Diffusion on a semi-Riemannian manifold? A great deal of literature exists on the heat equation and heat kernel for a Riemannian manifold.  The Laplace-Beltrami operator in the given metric replaces the flat Laplacian in the heat equation, and the heat kernel becomes:
\begin{equation*}
p(t,x,y) = F(t,x,y) \exp \left( - \frac{d(x,y)^2}{ct} \right)
\end{equation*}
where $d(x,y)$ is the geodesic distance between $x$ and $y$ and $F$ is some function depending on the Riemannian spatial geometry, instead of the familiar: 
\begin{equation*}
p(t,x,y) = \left( \frac{1}{4 \pi t} \right)^{n/2} \exp \left( - \frac{\lvert x-y \rvert^2}{4t} \right) 
\end{equation*}
from Euclidean space.
Thus, even living in a curved space, we can still investigate how an uneven distribution of perfume would diffuse through such a spatial manifold if filled with air. 
My question concerns how much we would be able to say about diffusion if we lived in a space which was only semi-Riemannian, so that the metric was nondegenerate but not positive definite.  This changes things fundamentally, since of course the Laplace-Beltrami operator is no longer elliptic but hyperbolic.  But one can still at least intuitively imagine spraying perfume in such a space and seeing where it goes.  
Has any analog of the heat equation / heat kernel been studied for a semi-Riemannian manifold?  If so, could anyone suggest search terms or a reference?
Many thanks!!
 A: This question has been addressed in some cases through a probabilistic approach. You probably know that the heat equation on a Riemannian manifold is intimately tied with its Brownian motion; one way to generalize the diffusion of heat is thus to generalize the Brownian motion; this has been studied in the case of Lorentzian signature under the name of Relativistic Diffusion.
I am not familiar with this domain, but I know someone who is: Jürgen Angst; checking his first paper's abstract, it seems that the subject was started in the following works:


*

*Debbasch et al. J. Math. Phys. 40, 2891 (2001); Eur. Phys. J. 19, 37 (2001);23, 487 (2001); J. Stat. Phys. 88, 945 (1997);90, 1179 (1998),

*Dunkel and Hänggi Phys. Rev. E 71, 016124 (2005);72, 036106 (2005) 

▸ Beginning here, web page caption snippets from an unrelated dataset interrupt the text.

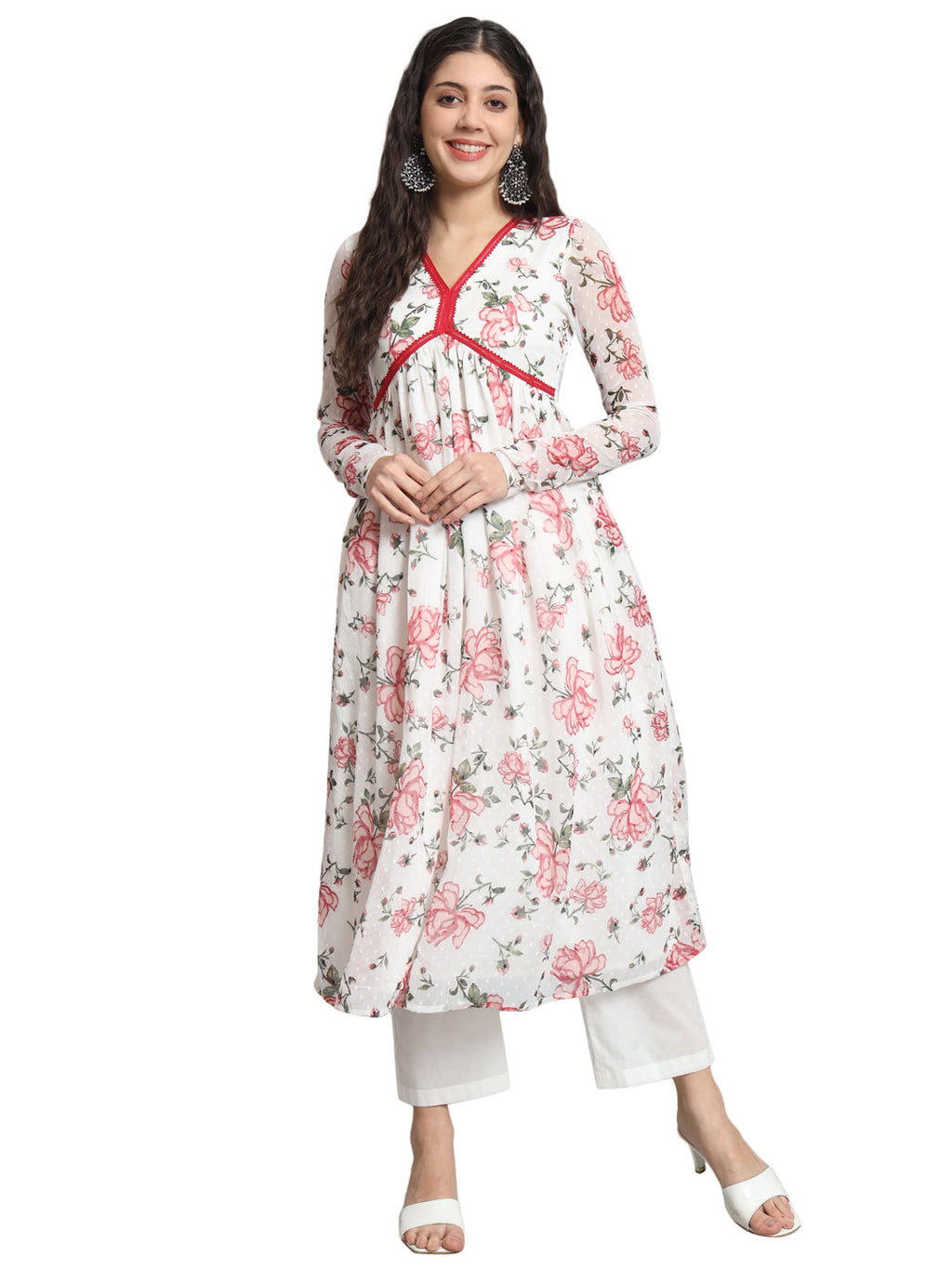 Model wearing a White Floral Alia Cut ethnic co-ord set with elegant floral patterns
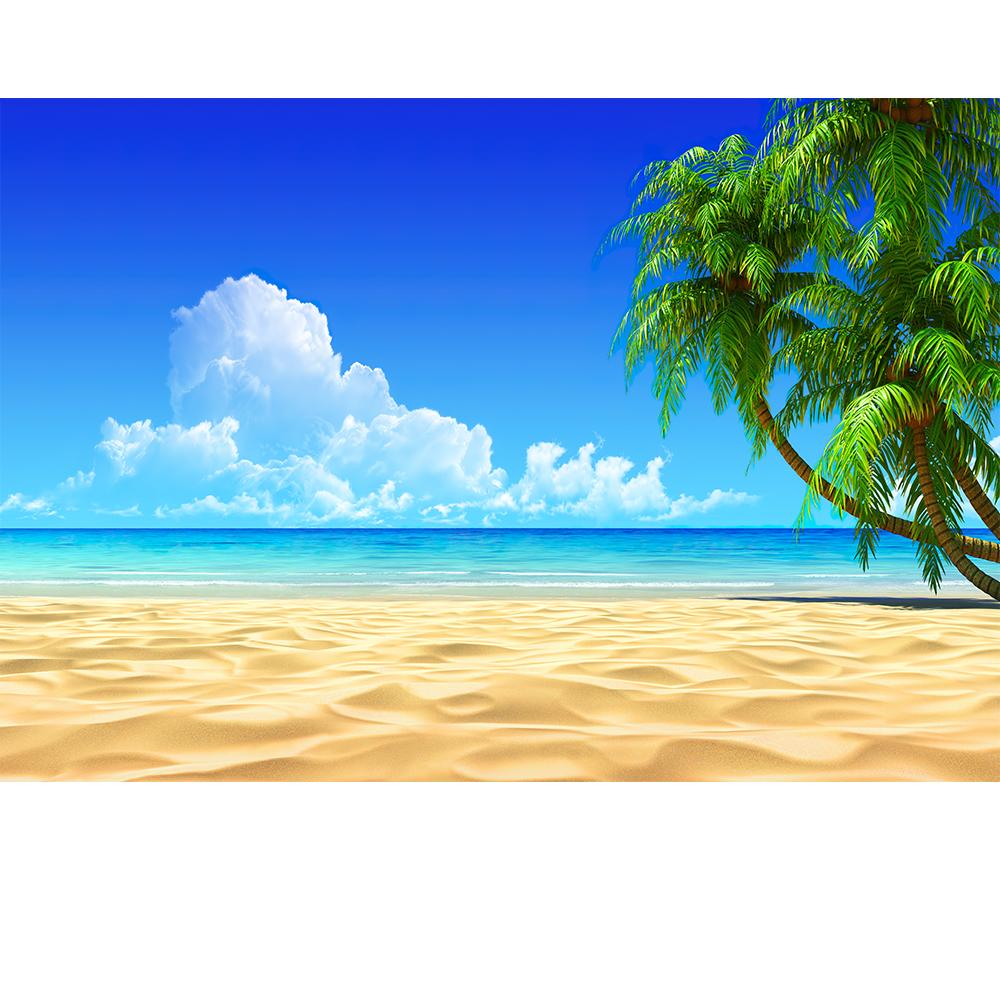 Seascape 3d Wallpaper Beach Coconut Tree Sofa Living Room Bedroom Beach Murals Home Decor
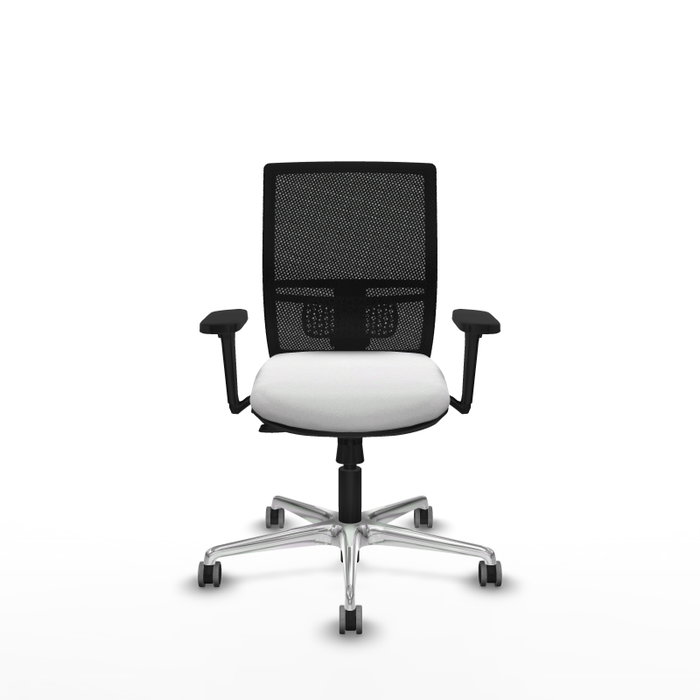 PIQUERAS Y CRESPO Silla de oficina Yunquera con mecanismo Sincro/Traslack, Blanco y Negro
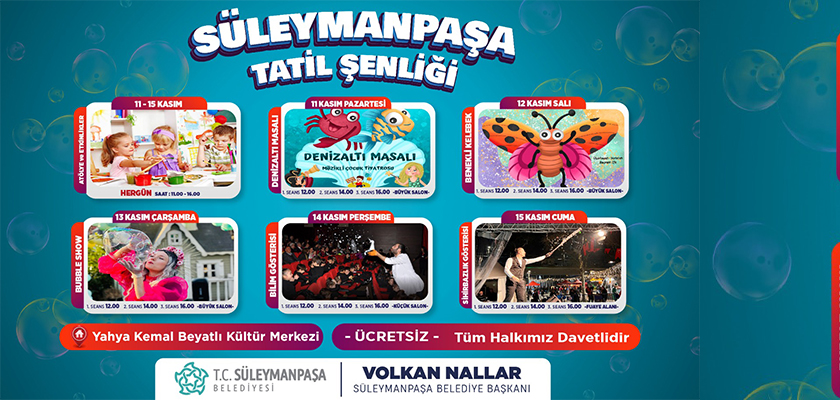 Süleymanpaşa Belediyesinden Çocuklara Ara Tatil Müjdesi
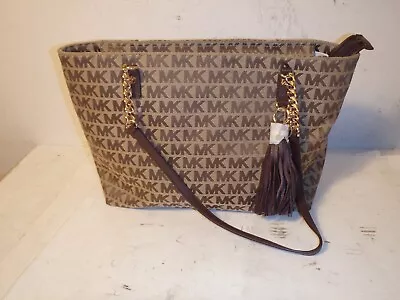 NEW Michael Kors Brown Jet Set MD EW Tassel Chain Tote Bag Purse 38H7CTCT2J • $99.99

I guess than from there and Angst's page you should find a large number of references.
A: Thanks for asking this question and also thanks to @Benoît Kloeckner for the suggestions. I had the same question too.
In case you haven't already found the appropriate equation you are looking for, here is an one-dimensional relativistic diffusion equation [http://plms.oxfordjournals.org/content/107/6/1395].
$$
u_t = \nu \left(\frac{u u_x}{\sqrt{u^2 +(\nu^2/c^2) (u_x)^2}}\right)_x,  x \in \mathbb{R}, t >0.
$$
Since it relativistic, we are dealing with Lorentzian manifold which is a semi-Riemannian manifold. Hope this helps.